OWICs use light for power and communication, and McEuen described their progress on making these smart panels as the equivalent of a cell phone, in that they serve as “a generic platform, not a solution for a particular problem.”
“Once you develop this platform you can amp it up very easily,” he said. “We solved the communication problem, and then you can build whatever app on it or create your own circuit.”
To make the technology mobile, or build the exoskeleton, McEuen used paper origami as an analogy for the foldable cells focus of this technology.
The movement of the tiny devices then relies on a voltage-controlled bimorph, which means it has two layers combining thin graphene paper and a five nanometer thick platinum, making it the world’s thinnest electrically-actuated bimorph.
However, McEuen explained that improvements need to be made since “their force is relatively weak due their incredibly small size. They move well through water but struggle in gel.”
Future progress is focused on putting all the pieces together to create OptoBots — incredibly small machines powered by light.
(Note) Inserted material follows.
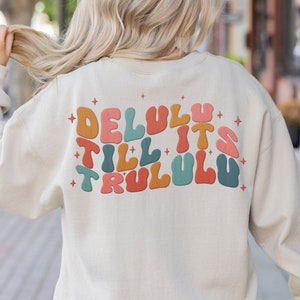 Delulu Till Its Trululu Besticktes Sweatshirt, wahnhaftes Shirt, Delulu Meme Shirt, lustiges Delulu Crewneck Sweatshirt, manifestierendes Shirt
The size of these would be small enough for them to be picked up and transported by a pipette and made “using extraordinarily thin materials,” according to McEuen.
“We’re getting pretty excited,” McEuen said. “Depending on your way of looking at life you can say this looks really exciting, or this looks really scary.”
“We’ve come a far distance in the last couple of years,” he continued. “We’ve made smart panels that can do a lot of computation and communication, and we’ve gotten much better at building an exoskeleton.”
Though all of the devices McEuen presented were made at Cornell, he established that they are designed to “work together” in a “standard environment.”
“Once we get this right you can add more complexity at will, like a sensor that tells it to go left or right,” he said. “We’re all set to take it to the next level.”